The Guardian 6 April, 2005

Oppose Japan as permanent member
of UN Security Council


An international petition opposing the seating of Japan as a permanent member of the UN Security Council arising from Kofi Annan's proposals to reform the United Nations Organisation has already received over 11.5 million signatures according to China's Xinhua News Agency.

The signature drive was launched after UN Secretary-General Kofi Annan appeared to back Japan for a permanent council seat as part of the most wide-ranging reforms to the world body since its creation in 1945.

The petition urges people to "speak out and vote against any procedure to grant Japan the status of a permanent member of the UN Security Council". It points out that Japan was an aggressor in World War II, destroyed and looted an astronomical amount of property and has never formally acknowledged its wrongdoing.
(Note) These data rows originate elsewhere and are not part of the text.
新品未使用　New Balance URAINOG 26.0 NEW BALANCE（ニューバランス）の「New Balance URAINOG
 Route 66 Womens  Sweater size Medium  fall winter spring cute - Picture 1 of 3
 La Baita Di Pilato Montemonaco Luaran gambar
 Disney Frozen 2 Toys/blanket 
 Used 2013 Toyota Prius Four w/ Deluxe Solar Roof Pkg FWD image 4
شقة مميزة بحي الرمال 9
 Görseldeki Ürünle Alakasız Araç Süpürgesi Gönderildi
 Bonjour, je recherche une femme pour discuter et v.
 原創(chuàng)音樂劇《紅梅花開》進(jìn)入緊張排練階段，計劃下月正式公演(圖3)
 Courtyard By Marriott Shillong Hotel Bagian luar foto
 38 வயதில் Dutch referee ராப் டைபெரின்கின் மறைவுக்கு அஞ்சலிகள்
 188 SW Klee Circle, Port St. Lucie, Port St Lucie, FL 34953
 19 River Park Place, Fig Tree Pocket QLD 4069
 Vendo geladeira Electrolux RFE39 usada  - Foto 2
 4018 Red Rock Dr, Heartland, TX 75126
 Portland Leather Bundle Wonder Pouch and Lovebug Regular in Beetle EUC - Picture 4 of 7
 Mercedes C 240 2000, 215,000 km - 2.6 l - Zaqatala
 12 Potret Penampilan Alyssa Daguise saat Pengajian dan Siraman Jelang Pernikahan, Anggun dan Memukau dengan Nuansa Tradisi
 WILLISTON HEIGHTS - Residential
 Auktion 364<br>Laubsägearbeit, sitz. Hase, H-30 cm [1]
It has never offered official apologies to those thousands of women forced into sexual slavery, the nearly one million who died in its biochemical experiments and those butchered, brutalised and enslaved when prisoners of war. Japan's leaders have refused to repent.

The on-line petition is at: http://www.alpha-la.org/petition.asp

The petition campaign is a worldwide collective movement consisting of civilian organisations from wartime victim countries — the US, South Korea, North Korea, China, Taiwan, the Philippines, the Netherlands and Japan.

Many Australians have good reasons as former POWs to oppose Japan's promotion to the position of UN permanent member. Japan's leaders have not only not acknowledged the crimes committed during WW2 but are now pushing re-militarisation and are using every opportunity to send their military forces overseas.

The Japanese government is also attempting to remove the clause in their Constitution which limits the use of Japan's military forces to self-defence. They are getting ready to again launch aggressive wars to re-establish their colonialist role in Asia and beyond.